THE RECORDS ::

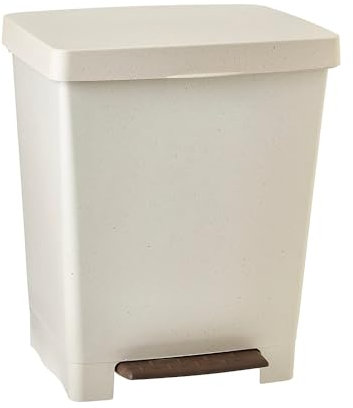 TATAY Poubelle Cuisine avec Pédale Cubik 21L | Finition Mate | Intérieur et Extérieur | Pour Sacs de 20 à 30L | Plastique 100% Recyclé Sans BPA | 33,5x30x39 cm, Ecohome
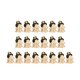 thumbnail image 4 of 20 Piezas Colgantes De Ni?a DIY Dijes Para Hacer Joyas Hallazgos Llavero Pendiente Blanco, 4 of 5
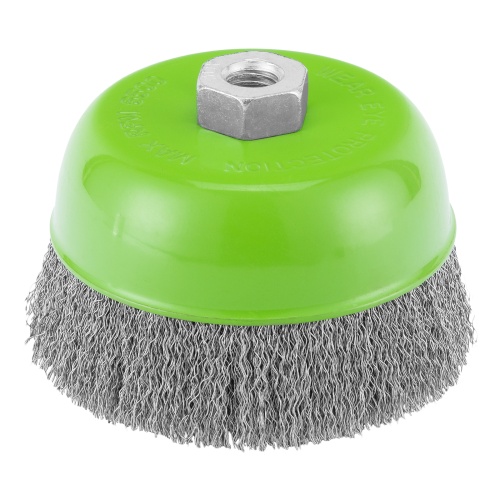 Щетка для УШМ, 125 мм, М14, "чашка", витая проволока Сибртех купить в Москве с доставкой по всей России | ProtosMarket.ru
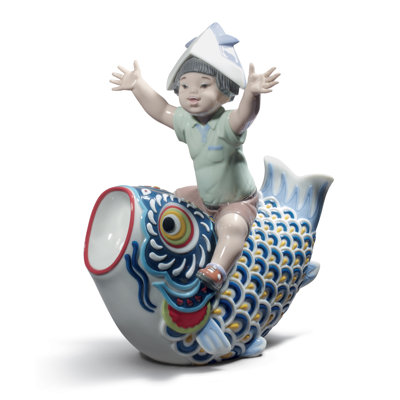 Happy Boy's Day Figurine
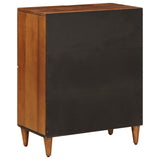 vidaXL Sideboard Walnut Wood 60 x 33 x 75 cm Solid Mango Wood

DESCRIPTION OF THE TASK ::
Output exactly the lines from the one containing "thumbnail image 4" through the last line of the records above, both included, leaving out any pictures.

FINAL ANSWER ::
 thumbnail image 4 of 20 Piezas Colgantes De Ni?a DIY Dijes Para Hacer Joyas Hallazgos Llavero Pendiente Blanco, 4 of 5
 Щетка для УШМ, 125 мм, М14, "чашка", витая проволока Сибртех купить в Москве с доставкой по всей России | ProtosMarket.ru
 Happy Boy's Day Figurine
 vidaXL Sideboard Walnut Wood 60 x 33 x 75 cm Solid Mango Wood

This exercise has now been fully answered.